22 Again, after that incident, the abuse continued unabated. In 2010, Beatrice went to Sydney for a short time to stay with some friends. On her return, you interrogated her about the people she had spent time with and you accused her of having had sex with a young man who was part of the family group that she was staying with. She denied that. You then engaged in an act of penile-vaginal penetration with her, ostensibly in order that she prove that she had not had sex with the young man. As a result of that act of sexual penetration, she became pregnant again. It was acknowledged by your counsel that it was this act of incest that resulted in Beatrice’s third pregnancy and that gives rise to Charge 3 of which the jury found you guilty. Once that pregnancy was confirmed, you directed Beatrice to have a termination. You rehearsed her in a story to tell, attributing responsibility to a boy still, like her, at school.. She went to see a GP on her own and then went to the clinic where the termination was to be performed on her own. She had no support during the termination. Given the threats that you had previously made and the attack on her after she had revealed you as the true source of the first pregnancy, although this time she was older and she saw the doctors alone, she still did not reveal you as the cause of the pregnancy.
23 Mr Pearson acknowledged that, consistently with the jury verdict, it was open to find that it was you who was responsible for causing the pregnancy that resulted from this act of sexual penetration, that it was the third pregnancy that you had caused and that you had made sure that your daughter would have a termination of that pregnancy. This was her second termination before she was 18 years of age. He acknowledged that the fact that this act of sexual penetration resulted in pregnancy (and not for the first time), made this the most serious of the charges of which the jury found you guilty.
24 The sexual abuse of Beatrice continued. When she turned 18, you took her to a nightclub. She had not previously drunk alcohol. You gave her several alcoholic drinks. She was visibly affected by them. So much so that you had to support her on the way home. When you arrived home, you took her to your bedroom, undressed her and, as she moved in and out of consciousness, engaged in an act of penile-vaginal penetration with her. It is this act of incest that gives rise to Charge 4, of which the jury found you guilty.
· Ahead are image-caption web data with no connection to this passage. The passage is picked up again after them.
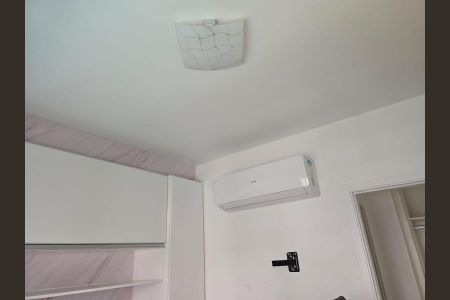 Apartamento à venda com 41m², 1 quarto e 1 vagaFoto 12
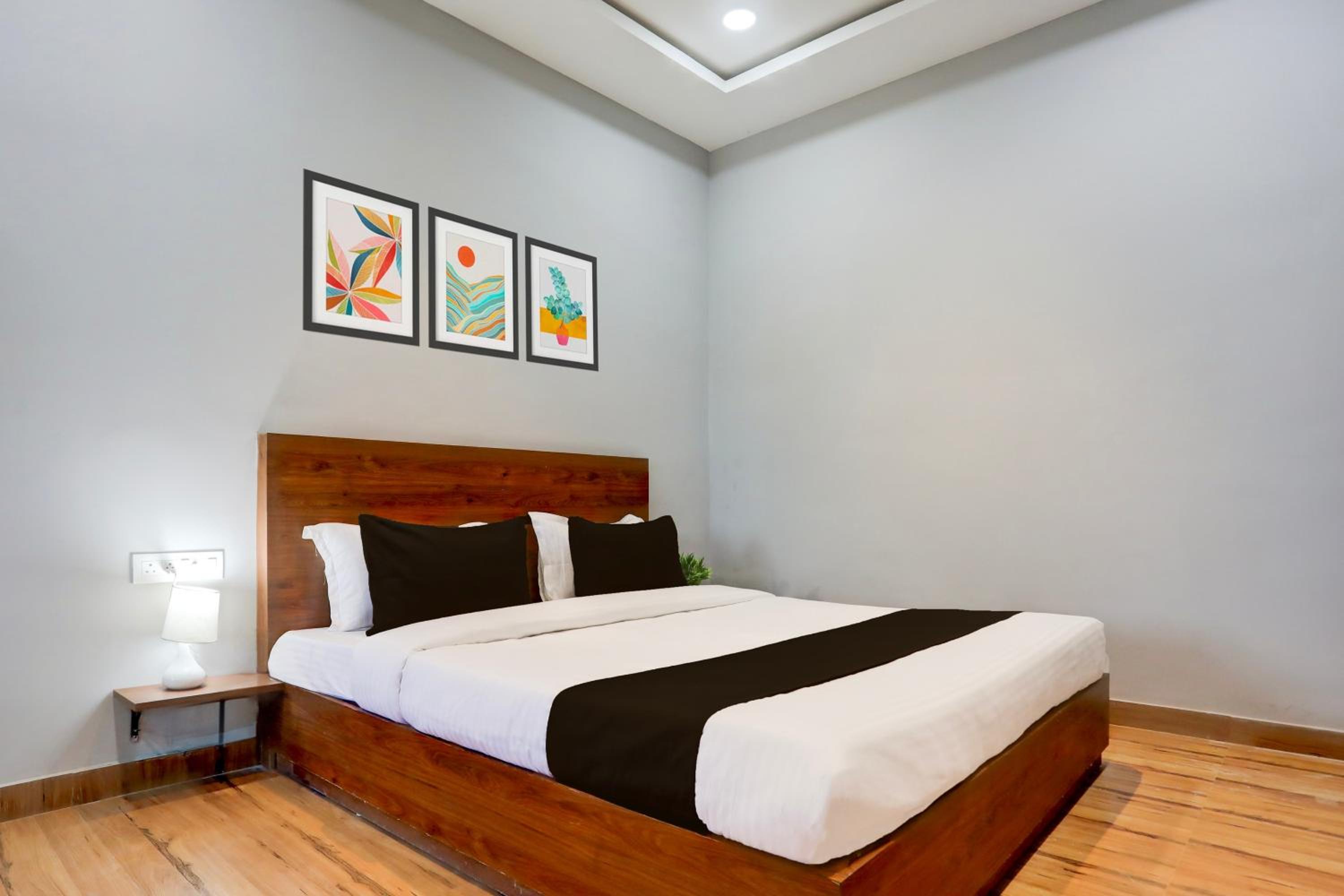 Classic Triple Room photo 2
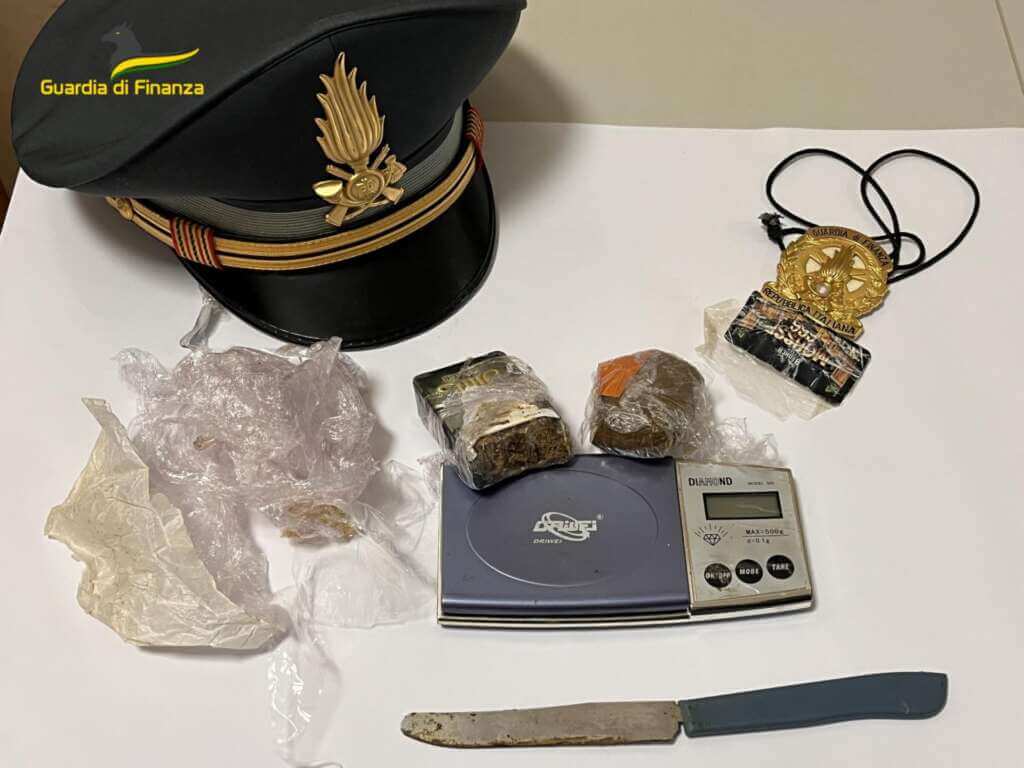 Galleria foto 'Ha in casa droga per circa duemila euro: arrestato un cittadino pakistano a Matera' - foto 1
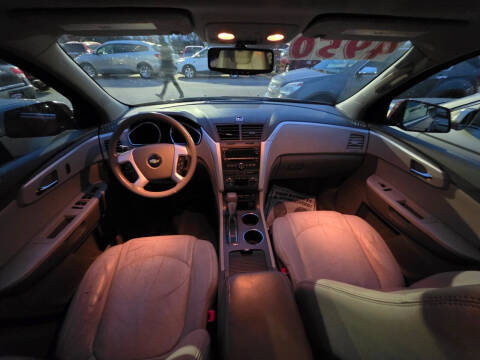 2010 Chevrolet Traverse LT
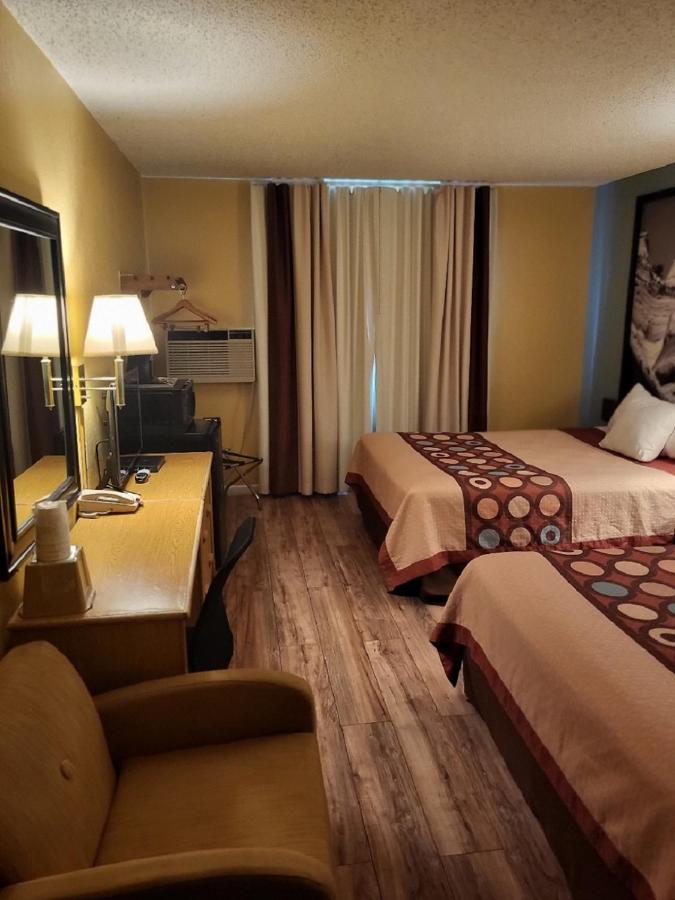 Super 8 By Wyndham Raton Hotel Kültér fotó
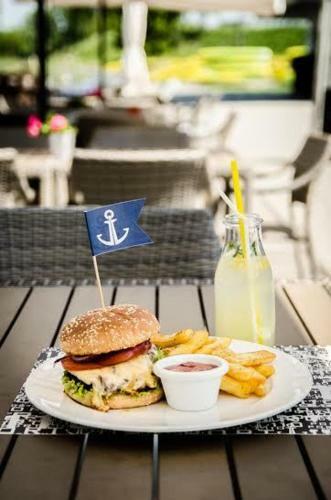 Hotel Port 110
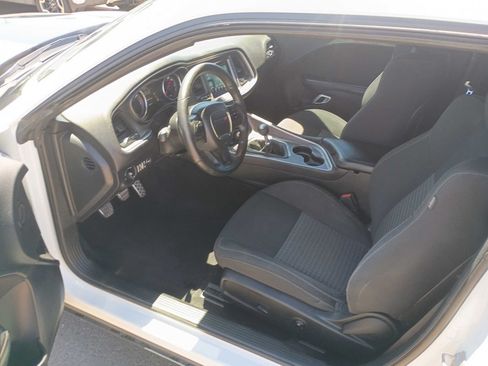Used 2019 Dodge Challenger R/T RWD image 13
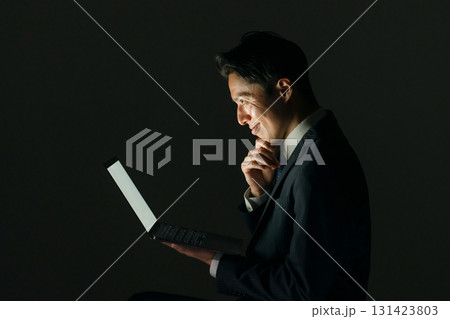 怪しい男性　パソコン　横顔 131423803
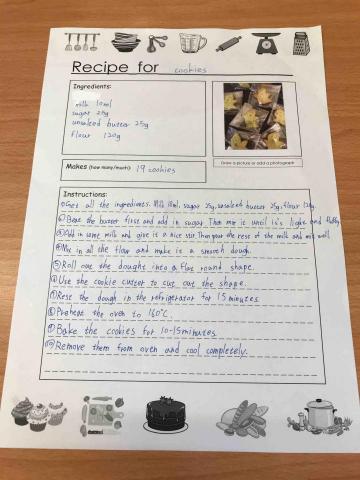 許美鈴 - Halloween Hands-on project-make ghosts cookies + writing recipe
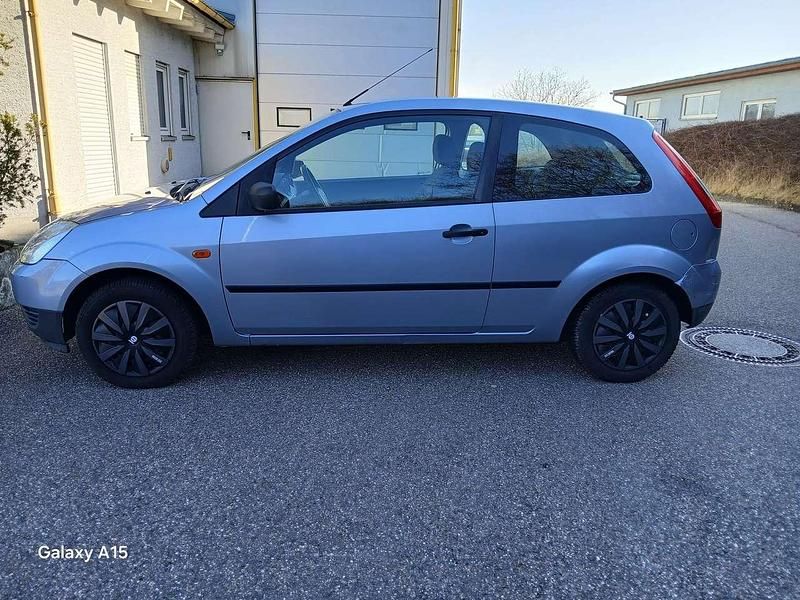 Gebraucht Ford Fiesta 75 PS (55 kW) 2005 Blau Kleinwagen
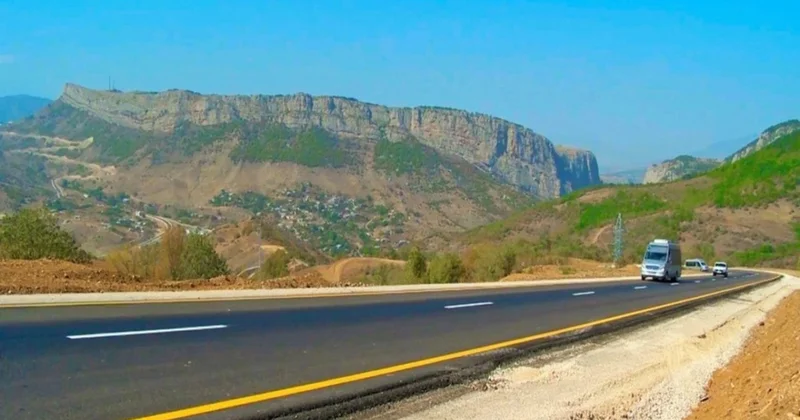 Qırmızı xətlər in pozanı Zəngəzura gedən yol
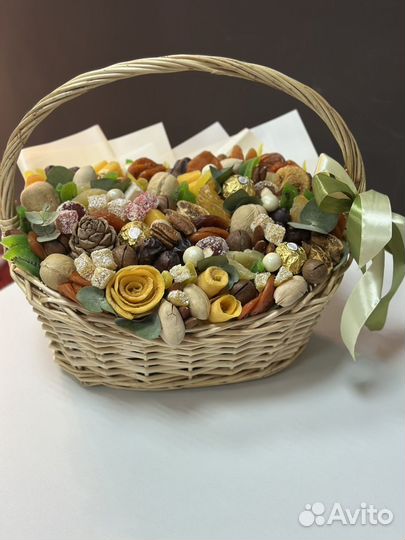 Подарочная корзина из орехов и сухофруктов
25 Mr Pearson submitted that it was not open to find that you had deliberately got your daughter drunk in order to have sex with her that night. He conceded that the fact that you knew that she was intoxicated and therefore more vulnerable is a relevant aggravating feature to take into account in respect of this charge. It is clearly so.
26 Even then the offending did not finish. You continued to sexually assault and sexually penetrate your daughter, but as she got older, finished school and became more independent, she became better able to resist, more aware that what you were doing was wrong and that she did have a right to try and defend herself, to prevent your behaviour and to remove herself from your orbit.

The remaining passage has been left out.